娯楽・サービス費は6,234円と相対的には低いですが、文化体験・ライブイベント・アニメ施設などへの支出意欲は高まっており、「体験型消費」を目的とする旅行者が増加しています。
交通費は22,336円(11.3%)で、訪問先の広域化に伴って上昇傾向にあります。東京・大阪間の移動に加えて、富士山、北海道、九州などの地方エリア訪問が一般化しつつあり、JRパスや地方鉄道、LCCの利用者が増加しています。地方空港・交通網の整備が今後のタイ人誘客戦略において重要となります。
まとめ
タイ人観光客の訪日支出は一人当たり197,305円、平均滞在8.0泊というデータからも明らかなように、アジア市場の中でも高い経済的価値を持っています。特に個人旅行・長期滞在・リピーターというキーワードが中心であり、これらに対応する形での宿泊・飲食・体験・交通のサービス設計が重要です。

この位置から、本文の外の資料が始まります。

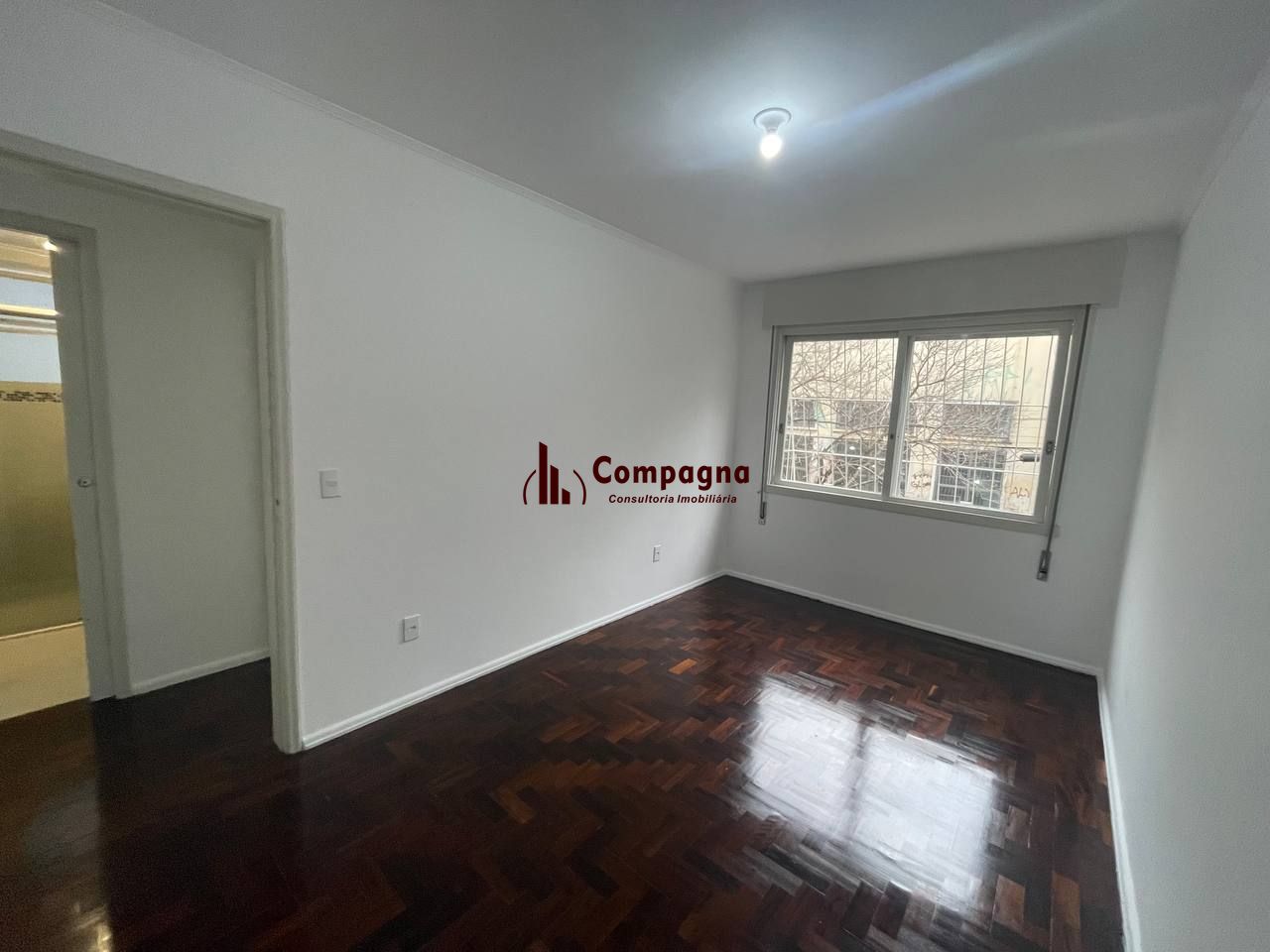 Apartamento-2-Dormitorios-Cidade-Baixa — foto 2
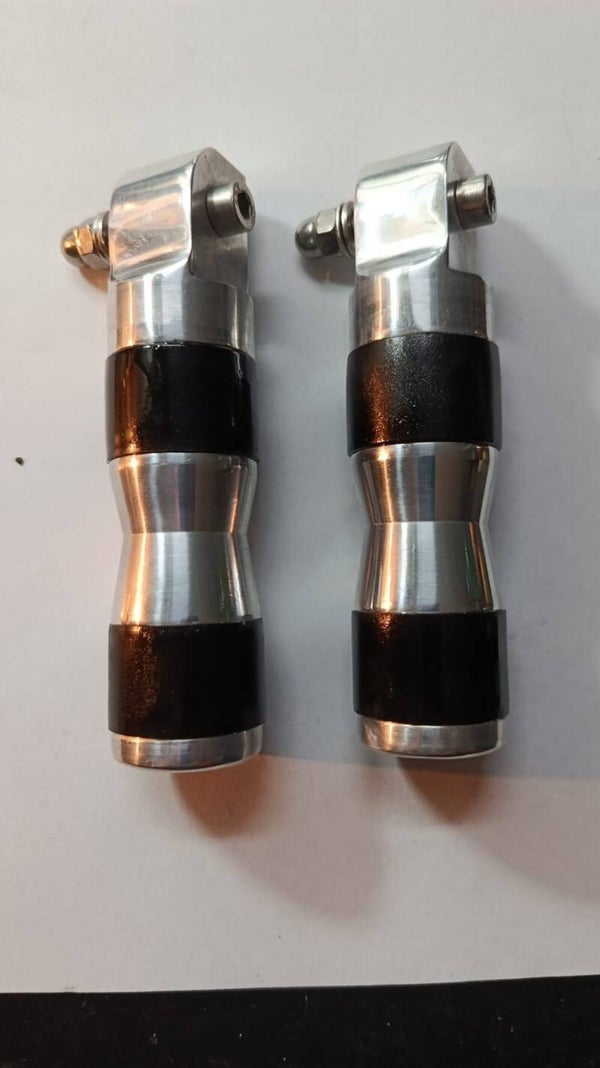 COPPIA PEDANE PASSEGGERO MOTO CUSTOM IN METALLO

加えて、情報収集行動の変化により、SNSや動画コンテンツでの訴求が強く求められており、YouTubeやFacebookを軸としたプロモーション、Pantipなどのローカル掲示板との連動、口コミと動画拡散を組み合わせた統合型施策が有効です。
今後、高付加価値サービスの提案、長期滞在支援、地域分散誘導策などの展開により、タイ市場からの消費をさらに活性化できると考えられます。